But these disaffected runaways are headed somewhere mysterious,
exotic, enchanted. “I don’t really know where they went”, commented Garrel in
1968. “I filmed something abstract, a kind of chateau with nude guys hanging
around … When I watch it today, I find it captures exactly what was happening
to our generation: completely alienated from consumer society, we needed to
break away”.
This central situation of an impulsive, anarchic
flight from society, driven by the idealism of romantic love, will remain a
constant in Garrel’s cinema. Les Enfants
désaccordés was screened on French television, and, in an introductory chat
with Garrel, the presenter found him to be a snobbish dandy: “Your collar, your
long hair …”.
The dandy label would stick to Garrel for a long time;
indeed, Sally Shafto’s informative 2007 book on the experimental filmmakers
known as the Zanzibar group evokes in its title the “Dandies of May 1968”. By
that year, Garrel was all of 20 and, thanks to benefactor Sylvina Boissonas, able
to realise an ambitious series of relatively luxuriant features, including Le Révélateur (1968) and The Virgin’s Bed (1969). He had not wasted
the time in between: further shorts, work for television “magazine” programs,
and a freewheeling debut feature, Marie
pour mémoire (1967).
As for the political events of May ’68, Garrel
participated at the barricades and helped assemble a fragment of avant-garde
reportage, Actua 1 (long thought lost
but rediscovered in 2014). Regular Lovers (2005) revisits, in a fictional recreation, that experience, and also shows
what followed: not conventional militancy but another, more countercultural
type of resistance. Like the heroes of his early work, Garrel embraced poetry,
flamboyance, travel, love, music, drugs and eventually an increasingly
marginalised cult reputation.
1964 to 1979 form the first major period in Garrel’s
career. The best films of these years reveal the extreme tendencies of his
approach. In The Inner Scar (1972),
long tracking shots, staged in the landscapes of several countries, record
richly coloured, painterly tableaux in which medievally adorned figures (Pierre
Clémenti, the singer Nico who had become Garrel’s partner, and the director
himself) strike romantic poses, utter enigmatic lines and enact a tortuous choreography
of attraction and repulsion. The connectives of plot disappear in favour of
psychodramatic moments and ritual actions charged with mythological symbolism.

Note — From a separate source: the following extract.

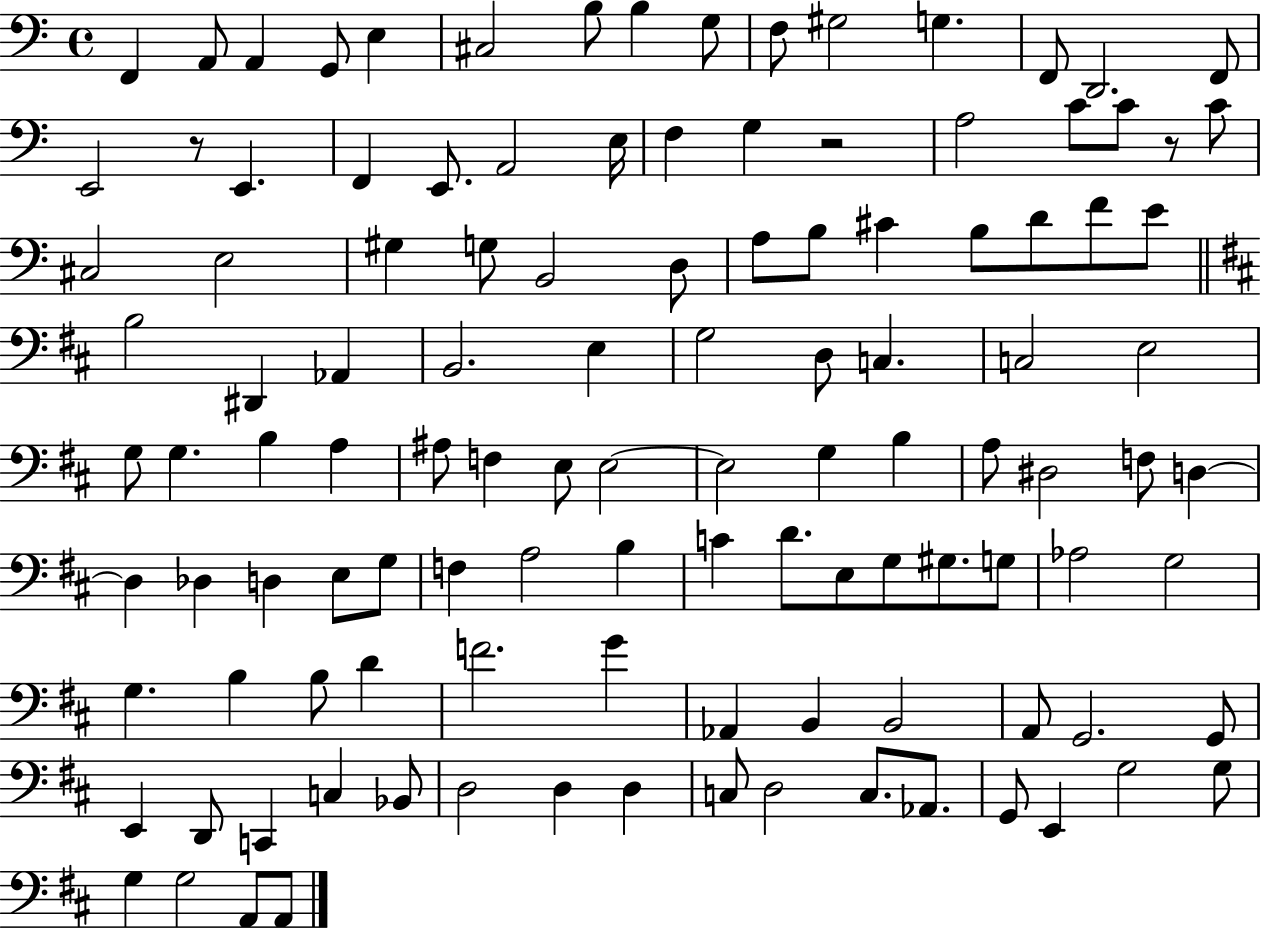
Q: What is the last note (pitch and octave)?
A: A2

Les hautes solitudes (1974), on the
other hand, reflects drastically altered material circumstances: living in near
poverty, sharing a drug habit with Nico, shooting silent footage on leftover, black-and-white
stock, Garrel redefines cinematic “minimalism” at ground zero. And yet no one
receptive to the mute power of the images of Jean Seberg, as she cryptically
improvises for Garrel’s camera, can ever forget this movie.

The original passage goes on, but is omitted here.